Domkapellmeister Christian Heiß hob hervor, wie sehr Ratzinger den unverwechselbaren, weichen und tiefgründigen Klang der Domspatzen bis heute präge. Sein Wunsch an den Verstorbenen: "Ruhen Sie sich nun aus und freuen Sie sich am verheißenen Paradies und der Musik des Himmels!"
So innig wie die Altgedienten sangen, verliehen sie der Feier einen besonderen Zauber. Dieser erlebte seinen Höhepunkt, als am Ende sechs kleine Domspatzen um den Sarg standen und mit ihren jungen Stimmen das aus Felix Mendelssohn Bartholdys "Elias" stammende Engelsterzett "Hebe Deine Augen auf zu den Bergen von welchen dir Hilfe kommt" intonierten.

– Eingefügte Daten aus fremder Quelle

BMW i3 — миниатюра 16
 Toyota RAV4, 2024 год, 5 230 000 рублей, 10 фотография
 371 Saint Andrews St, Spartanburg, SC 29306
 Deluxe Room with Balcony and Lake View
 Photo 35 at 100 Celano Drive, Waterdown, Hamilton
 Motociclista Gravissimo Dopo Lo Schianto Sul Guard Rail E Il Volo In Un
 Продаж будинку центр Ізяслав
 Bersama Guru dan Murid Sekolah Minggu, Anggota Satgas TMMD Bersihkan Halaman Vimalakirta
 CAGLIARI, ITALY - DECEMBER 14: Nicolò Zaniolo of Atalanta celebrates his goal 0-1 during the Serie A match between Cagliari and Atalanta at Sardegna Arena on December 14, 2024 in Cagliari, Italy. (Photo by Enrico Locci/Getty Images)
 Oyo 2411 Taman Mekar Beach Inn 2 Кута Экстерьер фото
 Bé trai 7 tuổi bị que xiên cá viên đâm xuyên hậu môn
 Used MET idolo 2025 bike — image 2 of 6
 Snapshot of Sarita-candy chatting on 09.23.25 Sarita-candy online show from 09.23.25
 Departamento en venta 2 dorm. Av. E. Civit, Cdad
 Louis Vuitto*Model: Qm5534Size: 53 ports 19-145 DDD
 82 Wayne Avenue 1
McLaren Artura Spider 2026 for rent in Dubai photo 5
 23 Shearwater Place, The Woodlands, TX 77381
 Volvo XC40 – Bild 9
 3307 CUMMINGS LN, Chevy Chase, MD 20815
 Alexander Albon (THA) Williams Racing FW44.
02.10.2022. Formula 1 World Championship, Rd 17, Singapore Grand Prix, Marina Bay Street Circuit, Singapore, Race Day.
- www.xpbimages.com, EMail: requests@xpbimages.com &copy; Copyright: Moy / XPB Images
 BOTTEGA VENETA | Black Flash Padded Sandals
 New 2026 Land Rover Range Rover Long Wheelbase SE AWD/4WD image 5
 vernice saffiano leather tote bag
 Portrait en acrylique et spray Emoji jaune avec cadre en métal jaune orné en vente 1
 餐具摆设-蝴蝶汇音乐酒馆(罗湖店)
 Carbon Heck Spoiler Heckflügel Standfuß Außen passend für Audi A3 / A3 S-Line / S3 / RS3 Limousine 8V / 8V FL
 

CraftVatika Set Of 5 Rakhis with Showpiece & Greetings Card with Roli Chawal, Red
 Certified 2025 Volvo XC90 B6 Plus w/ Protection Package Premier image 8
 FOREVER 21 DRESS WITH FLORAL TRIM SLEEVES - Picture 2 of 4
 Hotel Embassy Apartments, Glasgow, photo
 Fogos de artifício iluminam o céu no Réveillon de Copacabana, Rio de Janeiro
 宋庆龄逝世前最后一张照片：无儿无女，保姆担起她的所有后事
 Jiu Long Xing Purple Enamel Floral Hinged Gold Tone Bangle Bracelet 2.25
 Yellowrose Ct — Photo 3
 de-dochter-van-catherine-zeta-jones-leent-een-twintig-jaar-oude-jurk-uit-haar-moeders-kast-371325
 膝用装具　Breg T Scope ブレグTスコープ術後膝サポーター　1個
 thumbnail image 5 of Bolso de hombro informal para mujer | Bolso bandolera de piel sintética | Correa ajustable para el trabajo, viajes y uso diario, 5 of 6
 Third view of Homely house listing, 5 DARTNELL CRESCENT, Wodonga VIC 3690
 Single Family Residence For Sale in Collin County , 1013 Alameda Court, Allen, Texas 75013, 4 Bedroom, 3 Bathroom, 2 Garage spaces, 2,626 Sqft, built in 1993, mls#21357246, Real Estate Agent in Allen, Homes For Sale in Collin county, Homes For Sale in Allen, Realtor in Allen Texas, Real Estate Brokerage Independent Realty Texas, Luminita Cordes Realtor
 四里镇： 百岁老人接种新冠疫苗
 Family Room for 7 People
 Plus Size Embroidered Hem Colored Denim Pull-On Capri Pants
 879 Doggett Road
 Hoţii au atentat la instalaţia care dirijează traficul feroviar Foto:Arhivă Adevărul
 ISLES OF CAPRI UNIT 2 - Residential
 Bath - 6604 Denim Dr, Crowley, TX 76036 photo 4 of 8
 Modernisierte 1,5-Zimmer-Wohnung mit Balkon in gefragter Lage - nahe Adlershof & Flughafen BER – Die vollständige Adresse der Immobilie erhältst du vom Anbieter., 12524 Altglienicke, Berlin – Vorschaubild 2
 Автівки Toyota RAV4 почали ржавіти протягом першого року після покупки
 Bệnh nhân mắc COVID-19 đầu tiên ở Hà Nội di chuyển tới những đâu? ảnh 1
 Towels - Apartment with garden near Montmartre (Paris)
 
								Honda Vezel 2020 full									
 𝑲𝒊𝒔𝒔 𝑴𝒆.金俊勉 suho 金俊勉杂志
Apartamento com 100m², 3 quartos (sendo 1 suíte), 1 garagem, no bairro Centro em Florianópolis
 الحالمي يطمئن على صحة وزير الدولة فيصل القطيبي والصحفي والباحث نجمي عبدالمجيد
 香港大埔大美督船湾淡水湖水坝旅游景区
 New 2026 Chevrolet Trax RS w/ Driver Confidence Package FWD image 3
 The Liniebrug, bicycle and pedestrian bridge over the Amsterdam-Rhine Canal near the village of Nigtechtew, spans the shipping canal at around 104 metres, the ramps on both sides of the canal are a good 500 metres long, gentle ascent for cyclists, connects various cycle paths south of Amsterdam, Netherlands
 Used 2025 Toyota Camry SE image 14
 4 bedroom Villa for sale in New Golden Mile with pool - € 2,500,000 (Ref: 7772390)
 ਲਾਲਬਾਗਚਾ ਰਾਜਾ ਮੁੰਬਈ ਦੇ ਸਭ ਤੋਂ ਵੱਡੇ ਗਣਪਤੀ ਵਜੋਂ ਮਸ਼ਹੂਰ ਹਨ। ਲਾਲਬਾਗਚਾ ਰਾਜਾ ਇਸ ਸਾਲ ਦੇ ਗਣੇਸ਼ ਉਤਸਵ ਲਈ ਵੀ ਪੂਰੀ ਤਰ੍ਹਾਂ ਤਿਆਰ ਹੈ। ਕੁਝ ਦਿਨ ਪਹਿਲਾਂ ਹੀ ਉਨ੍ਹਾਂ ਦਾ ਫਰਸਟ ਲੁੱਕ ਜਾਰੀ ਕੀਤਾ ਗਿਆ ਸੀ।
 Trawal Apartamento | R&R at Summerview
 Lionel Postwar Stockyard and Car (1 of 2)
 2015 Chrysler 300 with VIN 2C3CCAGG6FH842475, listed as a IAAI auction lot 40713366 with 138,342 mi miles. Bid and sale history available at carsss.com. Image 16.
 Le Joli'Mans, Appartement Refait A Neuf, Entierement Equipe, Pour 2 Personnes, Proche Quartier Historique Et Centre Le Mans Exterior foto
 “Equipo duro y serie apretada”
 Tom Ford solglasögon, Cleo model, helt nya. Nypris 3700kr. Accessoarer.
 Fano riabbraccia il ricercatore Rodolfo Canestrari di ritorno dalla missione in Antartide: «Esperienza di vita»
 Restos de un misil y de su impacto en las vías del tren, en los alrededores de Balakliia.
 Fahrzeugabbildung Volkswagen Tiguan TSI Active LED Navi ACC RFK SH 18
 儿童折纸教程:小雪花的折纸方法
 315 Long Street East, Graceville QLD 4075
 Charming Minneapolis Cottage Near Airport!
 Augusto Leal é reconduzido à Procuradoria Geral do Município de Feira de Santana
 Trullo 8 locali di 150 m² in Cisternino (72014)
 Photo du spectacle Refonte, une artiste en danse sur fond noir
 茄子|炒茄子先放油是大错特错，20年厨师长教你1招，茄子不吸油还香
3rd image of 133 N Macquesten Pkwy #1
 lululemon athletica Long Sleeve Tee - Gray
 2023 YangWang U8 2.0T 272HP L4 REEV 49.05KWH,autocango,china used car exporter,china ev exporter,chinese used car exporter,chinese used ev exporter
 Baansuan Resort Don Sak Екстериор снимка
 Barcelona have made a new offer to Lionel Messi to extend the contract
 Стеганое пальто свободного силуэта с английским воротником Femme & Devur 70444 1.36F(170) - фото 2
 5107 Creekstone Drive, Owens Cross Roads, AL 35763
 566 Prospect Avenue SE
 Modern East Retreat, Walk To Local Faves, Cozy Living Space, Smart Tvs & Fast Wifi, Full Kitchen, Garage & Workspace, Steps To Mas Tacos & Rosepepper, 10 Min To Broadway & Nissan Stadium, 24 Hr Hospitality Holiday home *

Georg Ratzinger, so wird berichtet, war selig, wenn er diese berühmte Psalmvertonung dirigierte.
Seine letzte Ruhe fand der Domkapellmeister auf dem Unteren Katholischen Friedhof der Stadt. Dort wurde bereits sein Vorgänger Theobald Schrems (1893-1963) beigesetzt. (mpl/KNA)
8.7., 14:45 Uhr: Ergänzt um weitere Informationen.